:: RECORDS FOR THIS EXERCISE ::

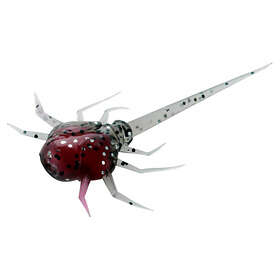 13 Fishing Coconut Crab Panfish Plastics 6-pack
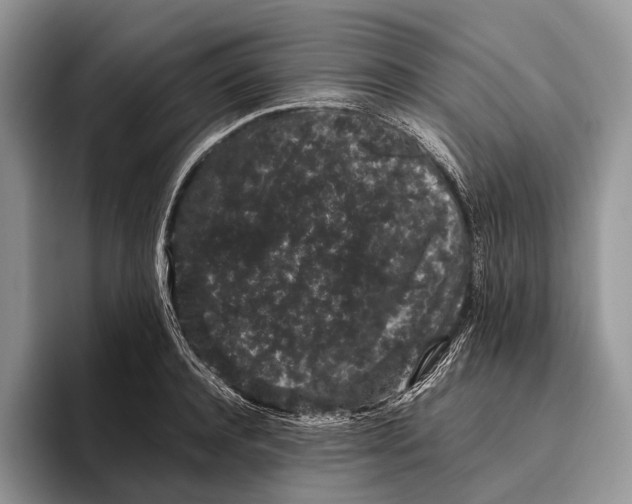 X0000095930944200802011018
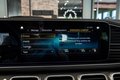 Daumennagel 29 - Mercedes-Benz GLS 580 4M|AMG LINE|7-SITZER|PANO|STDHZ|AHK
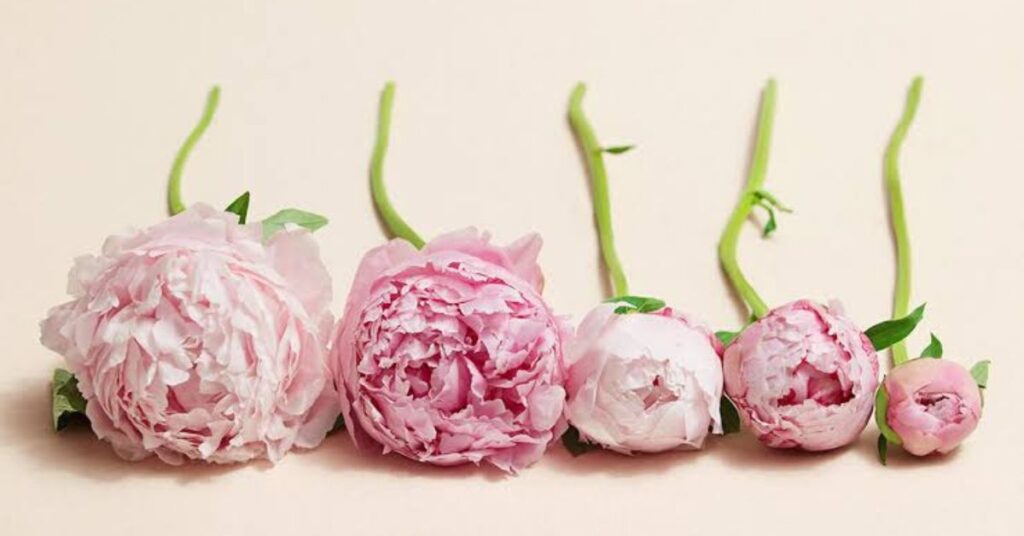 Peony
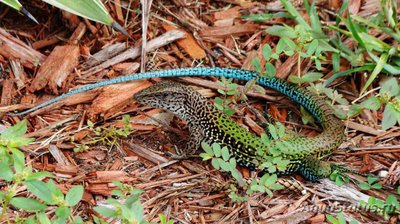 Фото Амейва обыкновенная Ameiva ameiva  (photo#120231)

:::
:: RECORDS FOR THIS EXERCISE ::

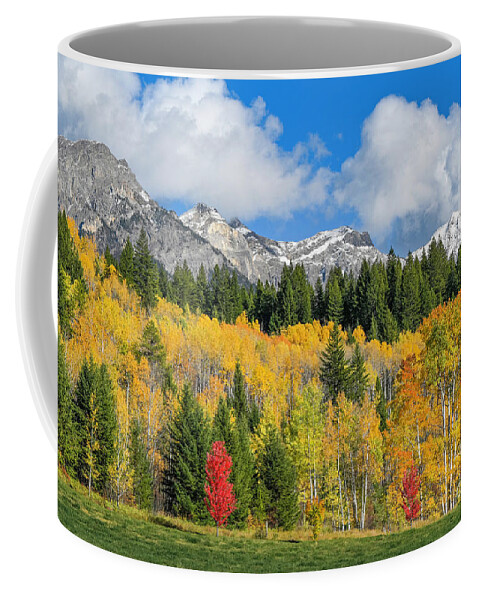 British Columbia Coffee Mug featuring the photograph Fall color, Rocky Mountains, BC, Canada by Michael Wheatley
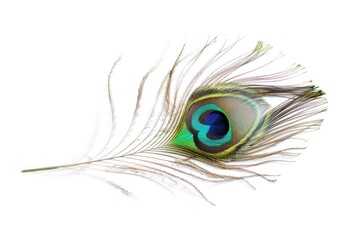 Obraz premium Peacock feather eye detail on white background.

:::
:: RECORDS FOR THIS EXERCISE ::

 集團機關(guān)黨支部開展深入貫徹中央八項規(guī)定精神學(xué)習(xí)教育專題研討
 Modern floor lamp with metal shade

:::

■ **TASK TO CARRY OUT**
Please give back exactly the lines of the listing above that run from the one containing "集團機關(guān)黨支部開" through the one containing "Modern floor lamp with metal shade", and only those.

■ **THE ANSWER**
 集團機關(guān)黨支部開展深入貫徹中央八項規(guī)定精神學(xué)習(xí)教育專題研討
 Modern floor lamp with metal shade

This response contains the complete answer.